Which RNA-seq unit should be used in machine learning models?
2
2
Entering edit mode
4.2 years ago
darklings ▴ 480

I want to train a binary classifier using cancer RNA-seq data. After differential expression analysis, I selected some top DEGs as features for glmnet training, however the performances were quite bad, I think this may be due to tumor heterogeneity.

Therefore I plan to do feature engineering, like using the sum of expression values of genes in one pathway as one feature.

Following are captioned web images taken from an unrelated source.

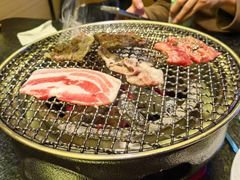 -樱嘢·炭火烧肉(惠南店)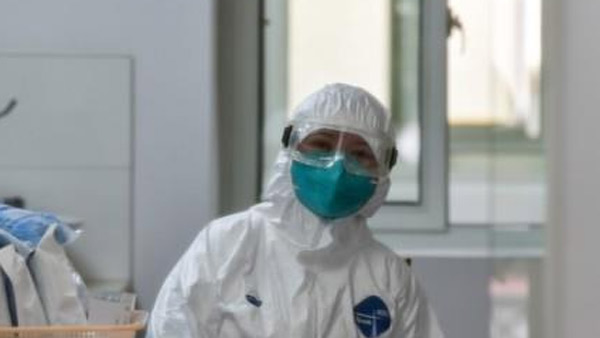 "코로나19 환자 눈물에서 바이러스 검출…눈 통한 전염가능성"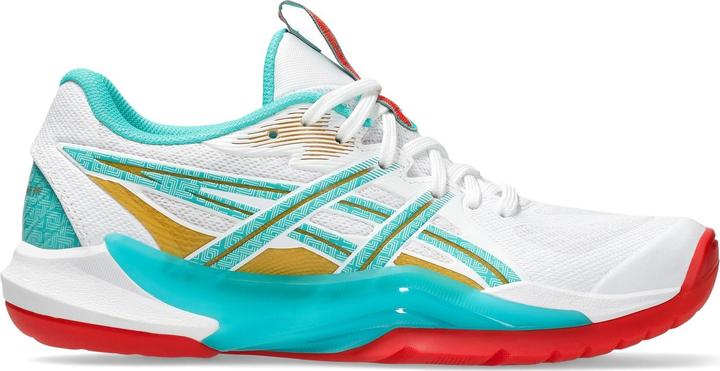 Weiss, whiteseaglass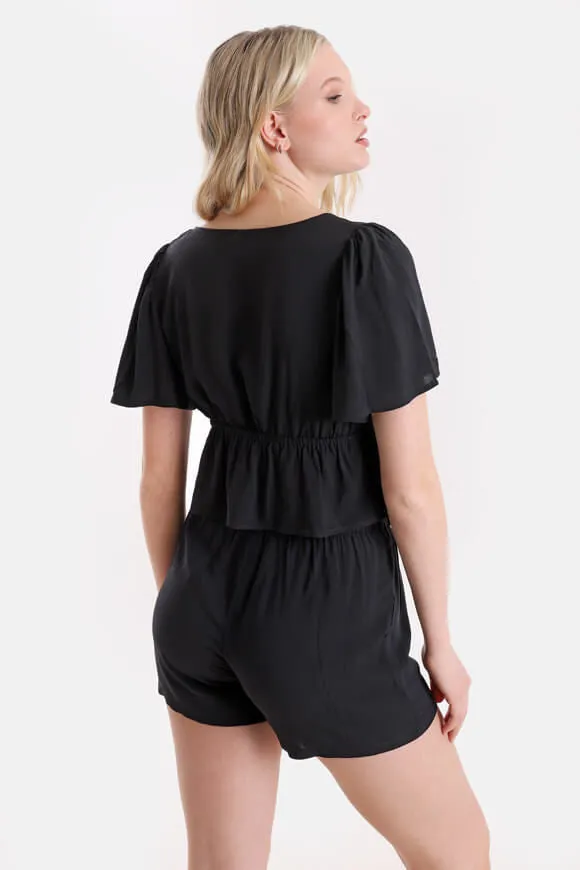 NonToxic Certification Nova Life Harper Top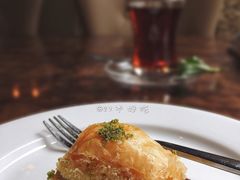 巴克拉瓦-苏坦土耳其餐厅(白云宾馆店)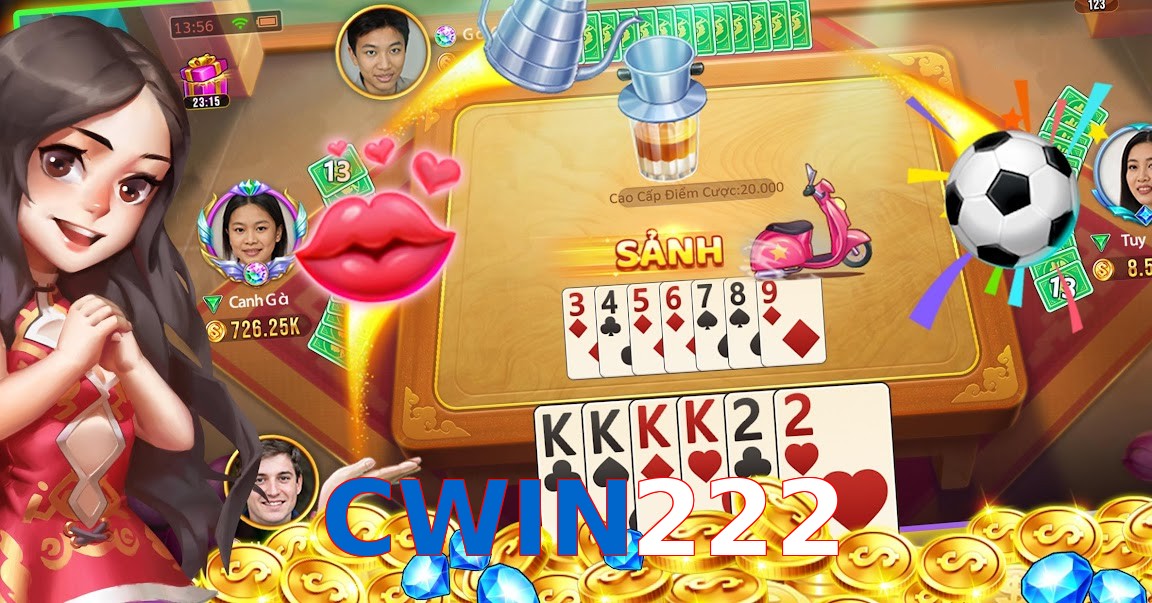 CWIN222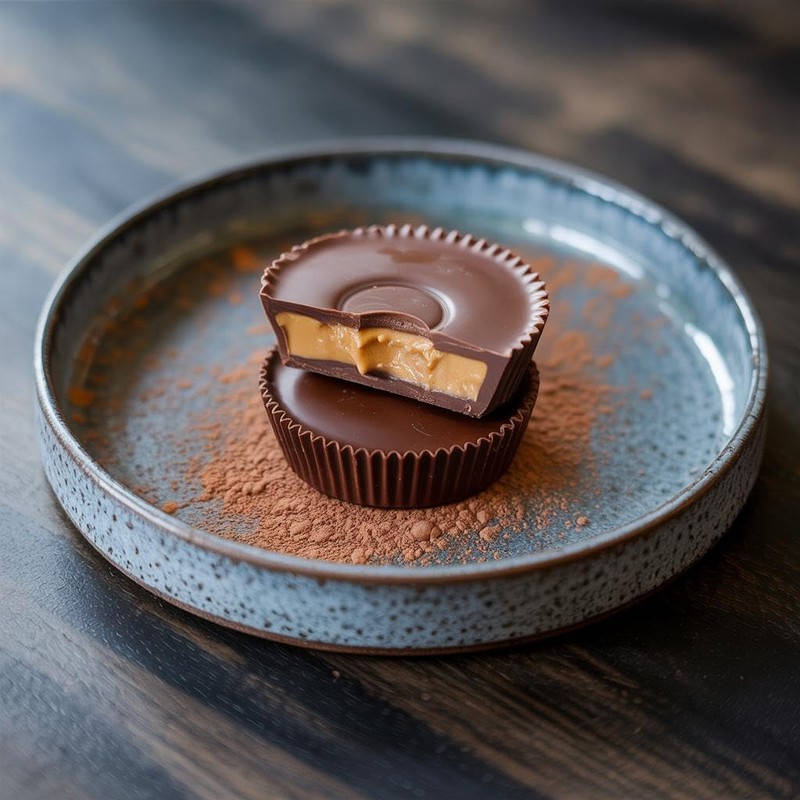 REESE'S Milk Chocolate Peanut Butter Cups, Candy Packs, 1.5 oz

I saw some paper used the raw counts (but microarray data) and some paper used normalized RNA-Seq counts. I feel a bit confused, what kind of counts should be added up here? raw counts? TPM or CPM or log-CPM? need to do normalization like TMM? or depends on which algorithm?

RNA-Seq machine learning counts • 3.5k views
0
Entering edit mode

Please note that selecting your genes using DE analysis and performing machine learning is a common mistake and widely refuted approach in ML community. Please use all your genes in your classifier without selection. For more detail, see: (Ambroise et al. ‎2002) https://doi.org/10.1073/pnas.102102699

0
Entering edit mode

Well I can't get your conclusion from this paper, it just says it's important to correct the selection bias and the testing data should be independent from the gene selection procedure. The problem proposed by them is due to the fact that sample sizes of datasets are often not big enough back to early 2000s, I think.

Actually the performance of a ML model using all genes is usually much worse than that using gene selection in my experience.

4
Entering edit mode
3.6 years ago
darklings ▴ 480

I also found this post: Difference between CPM and TPM and which one for downstream analysis?.

The answers say TPM is better than CPM since TPM accounts for transcript length differences including more information, while the better one is values after normalization and transformation using vst or rlog.

0
Entering edit mode

In a library prep that is biased towards one end of the transcript, transcript length won't affect the number of read counts you get, so correcting for it would be wrong.

1
Entering edit mode
4.2 years ago
darklings ▴ 480

I found the posts:

FPKM or rlog from DEseq2 for machine learning analysis

Log expression for machine learning input

The cross-sample normalized log counts were recommended for downstream machine learning techniques, however I need to add the counts of sets of genes as features, maybe I can add the tpm values within one sample then do the between sample normalization rather than just sum the log values?

1
Entering edit mode

Agreed - something which is normalized for feature length, sequencing depth and log transformed (to be approximately normal distributed). Furthermore a lot of ML methods require scaled (both center and variance) data.

Please also note at most ML methods cannot handle highly correlated data (which RNASeq data is) so you either need to use a method that can handle that, remove them prior to analysis or transform the data.

0
Entering edit mode

Thanks for the reminder, but what should be removed priorly for highly correlated data?

0
Entering edit mode

For highly correlated genes you should only keep 1 of them - but I would suggest transformation instead.